**Required action:** Find the line containing "Hotel Du Patriarche 2 estrelas em Agde" in the data below and repeat it, along with all later lines, exactly through the last one.

###

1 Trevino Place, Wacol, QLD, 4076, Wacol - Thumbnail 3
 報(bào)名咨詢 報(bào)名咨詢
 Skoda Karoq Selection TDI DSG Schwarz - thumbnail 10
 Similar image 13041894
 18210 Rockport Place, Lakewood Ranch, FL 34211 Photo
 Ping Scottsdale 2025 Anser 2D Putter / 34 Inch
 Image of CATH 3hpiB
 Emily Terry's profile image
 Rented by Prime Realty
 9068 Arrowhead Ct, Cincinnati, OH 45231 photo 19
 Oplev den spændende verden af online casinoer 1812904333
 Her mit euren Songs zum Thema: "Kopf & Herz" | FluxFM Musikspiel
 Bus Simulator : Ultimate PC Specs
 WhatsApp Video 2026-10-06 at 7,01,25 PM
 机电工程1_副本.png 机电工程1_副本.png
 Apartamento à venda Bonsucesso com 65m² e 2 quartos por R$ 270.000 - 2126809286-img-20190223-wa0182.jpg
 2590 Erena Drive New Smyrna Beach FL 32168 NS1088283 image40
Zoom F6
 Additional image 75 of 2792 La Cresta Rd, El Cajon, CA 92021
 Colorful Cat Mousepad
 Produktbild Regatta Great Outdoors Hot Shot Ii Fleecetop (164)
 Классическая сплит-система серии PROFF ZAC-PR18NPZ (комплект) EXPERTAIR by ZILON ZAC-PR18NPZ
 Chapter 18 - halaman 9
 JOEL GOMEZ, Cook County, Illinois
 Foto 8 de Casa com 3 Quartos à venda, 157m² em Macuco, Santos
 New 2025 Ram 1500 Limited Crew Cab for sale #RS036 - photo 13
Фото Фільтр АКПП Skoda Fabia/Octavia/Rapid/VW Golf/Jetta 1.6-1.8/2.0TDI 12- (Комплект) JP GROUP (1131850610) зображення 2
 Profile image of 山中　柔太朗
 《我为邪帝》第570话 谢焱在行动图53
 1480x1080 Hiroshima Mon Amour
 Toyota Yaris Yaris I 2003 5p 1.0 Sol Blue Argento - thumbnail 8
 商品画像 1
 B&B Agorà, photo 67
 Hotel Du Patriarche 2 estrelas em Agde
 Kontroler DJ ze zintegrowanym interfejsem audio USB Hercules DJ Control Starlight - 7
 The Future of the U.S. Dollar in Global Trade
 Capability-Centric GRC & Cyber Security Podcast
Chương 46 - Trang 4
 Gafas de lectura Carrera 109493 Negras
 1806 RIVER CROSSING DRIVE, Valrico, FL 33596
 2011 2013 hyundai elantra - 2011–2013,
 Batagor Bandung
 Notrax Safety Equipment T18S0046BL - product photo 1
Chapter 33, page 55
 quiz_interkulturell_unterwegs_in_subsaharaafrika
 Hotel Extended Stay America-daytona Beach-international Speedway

###

**Response to the exercise:**
 Hotel Du Patriarche 2 estrelas em Agde
 Kontroler DJ ze zintegrowanym interfejsem audio USB Hercules DJ Control Starlight - 7
 The Future of the U.S. Dollar in Global Trade
 Capability-Centric GRC & Cyber Security Podcast
Chương 46 - Trang 4
 Gafas de lectura Carrera 109493 Negras
 1806 RIVER CROSSING DRIVE, Valrico, FL 33596
 2011 2013 hyundai elantra - 2011–2013,
 Batagor Bandung
 Notrax Safety Equipment T18S0046BL - product photo 1
Chapter 33, page 55
 quiz_interkulturell_unterwegs_in_subsaharaafrika
 Hotel Extended Stay America-daytona Beach-international Speedway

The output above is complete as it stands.